Exercise requirements => Restate the data word for word and leave the images out.

Source information =>

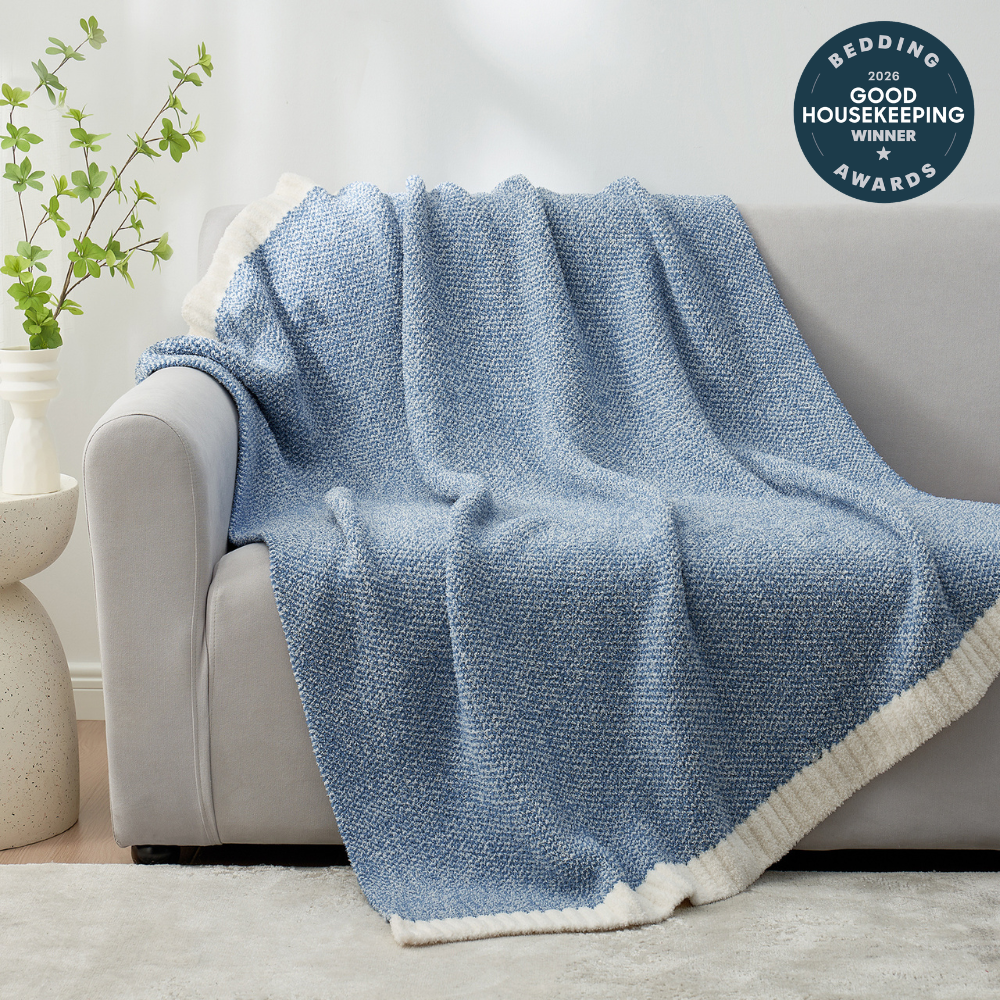 Cozy Bliss heather feather yarn throw blanket front view. #Color_Pale Blue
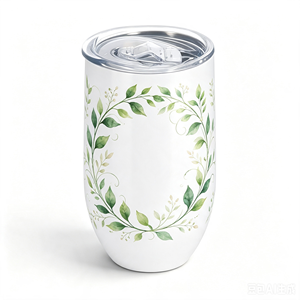 Vaso Térmico de Acero Inoxidable Blanco para Sublimación de 12oz con Tapa y Diseño de Hojas, Aislamiento Térmico de 6-12 Horas para Café - Product Image 1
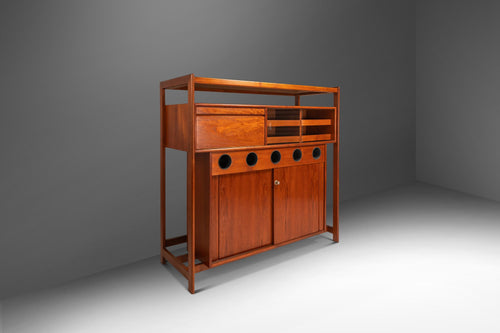 Rare Danish Mid-Century Modern Dry Bar in Teak w/ Leather Top by Knud Bent for Dyrlund, Denmark, c. 1960s-ABT Modern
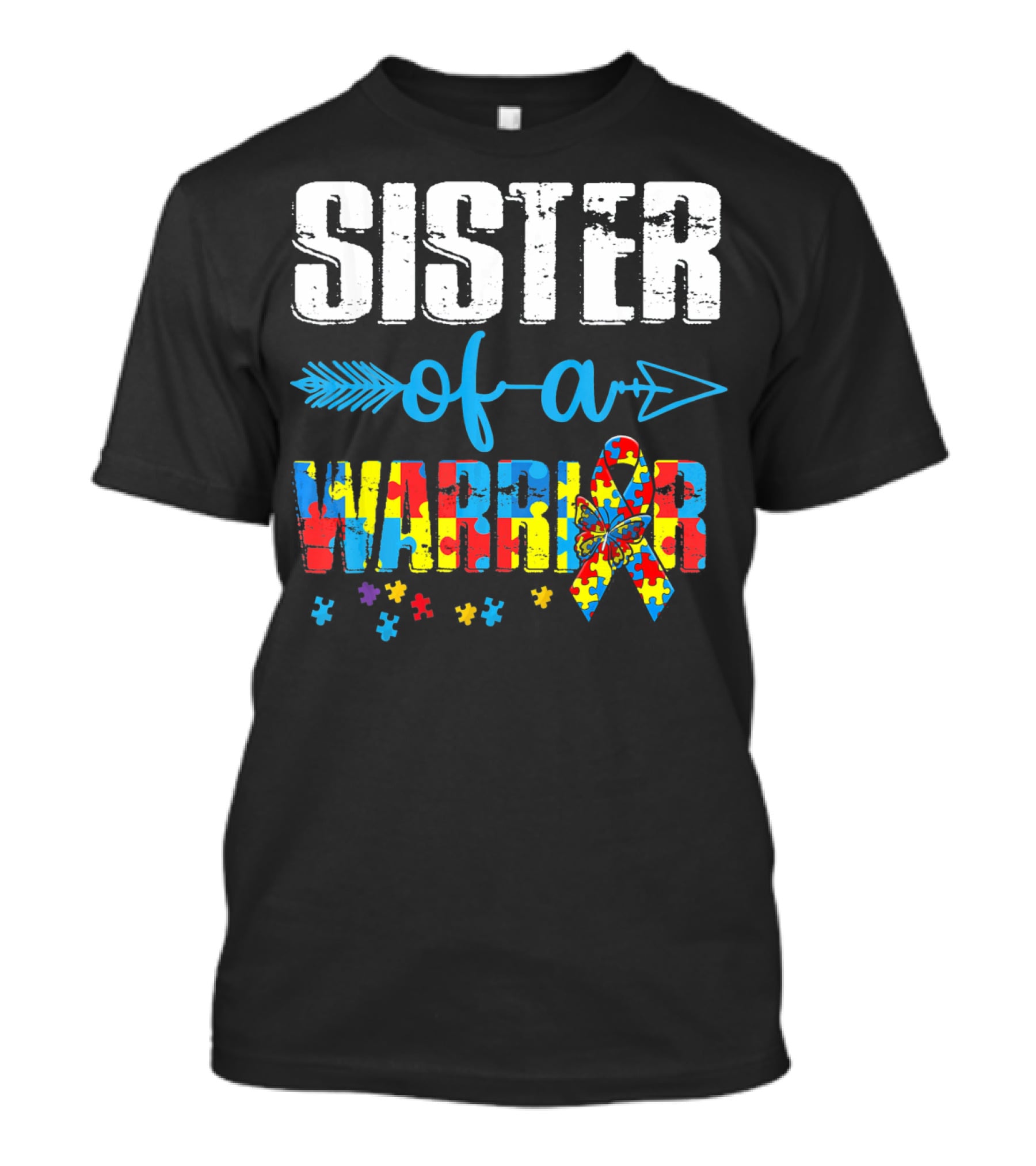 Sister Of A Warrior Puzzle Ribbon Autism Awareness T-Shirt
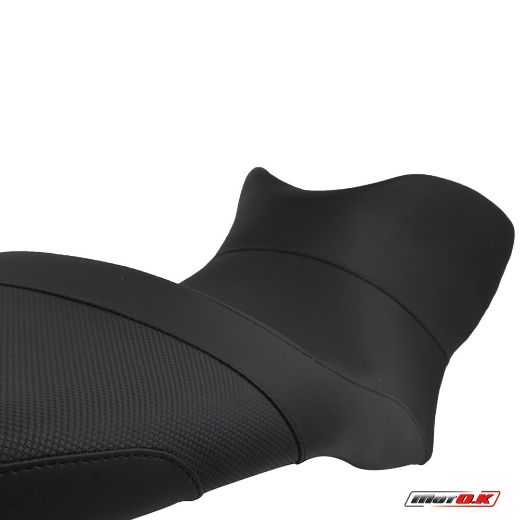 MOTO.K BLACK COMFORT SEAT + EMBROIDERY LOGO + PROSTATE SPACE FOR HONDA TRANSALP XLV-700 2008-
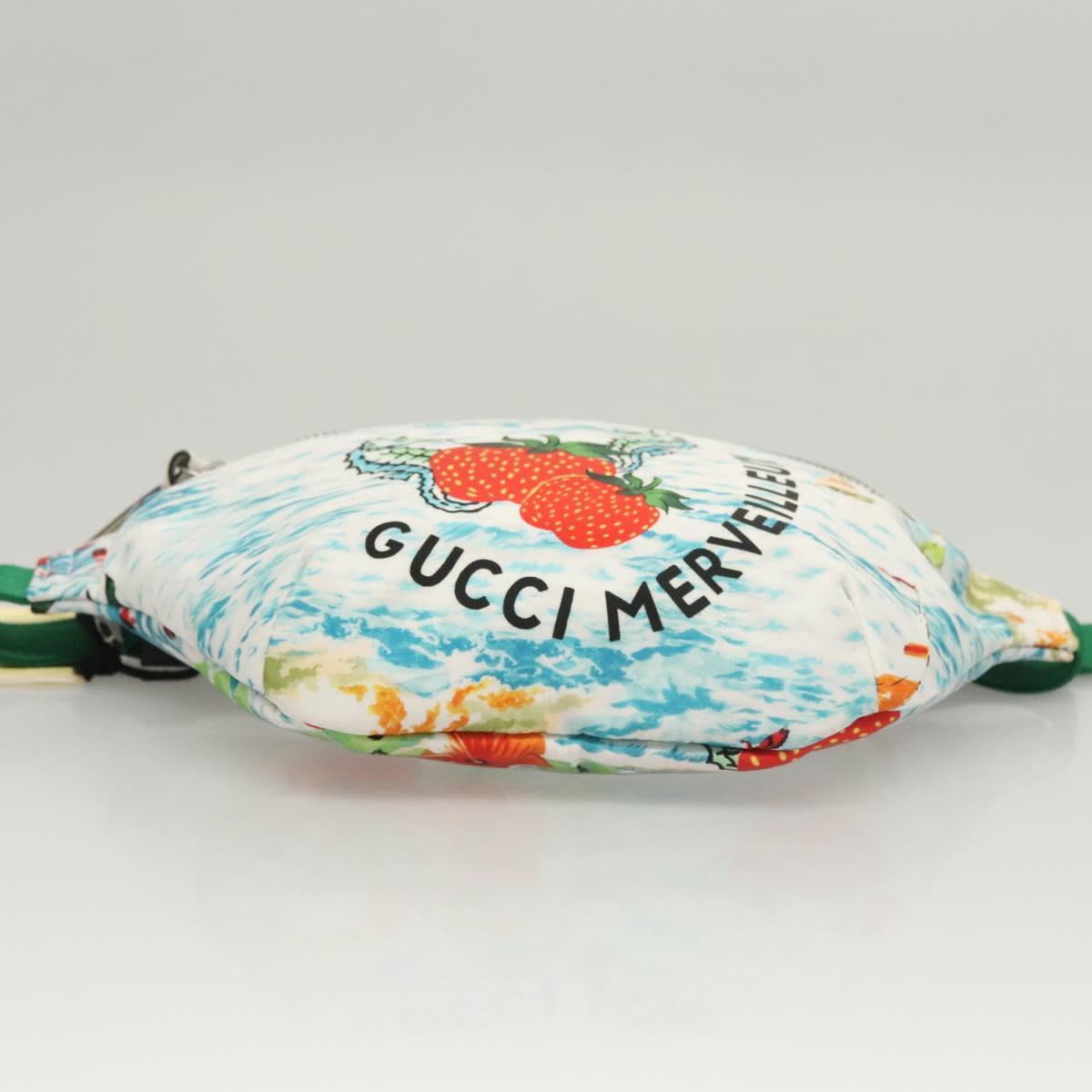 GUCCI Children's Waist bag Nylon White Silver 502095 Auth ac3786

Worked solution =>
 Cozy Bliss heather feather yarn throw blanket front view. #Color_Pale Blue
 Vaso Térmico de Acero Inoxidable Blanco para Sublimación de 12oz con Tapa y Diseño de Hojas, Aislamiento Térmico de 6-12 Horas para Café - Product Image 1
 Rare Danish Mid-Century Modern Dry Bar in Teak w/ Leather Top by Knud Bent for Dyrlund, Denmark, c. 1960s-ABT Modern
 Sister Of A Warrior Puzzle Ribbon Autism Awareness T-Shirt
 MOTO.K BLACK COMFORT SEAT + EMBROIDERY LOGO + PROSTATE SPACE FOR HONDA TRANSALP XLV-700 2008-
 GUCCI Children's Waist bag Nylon White Silver 502095 Auth ac3786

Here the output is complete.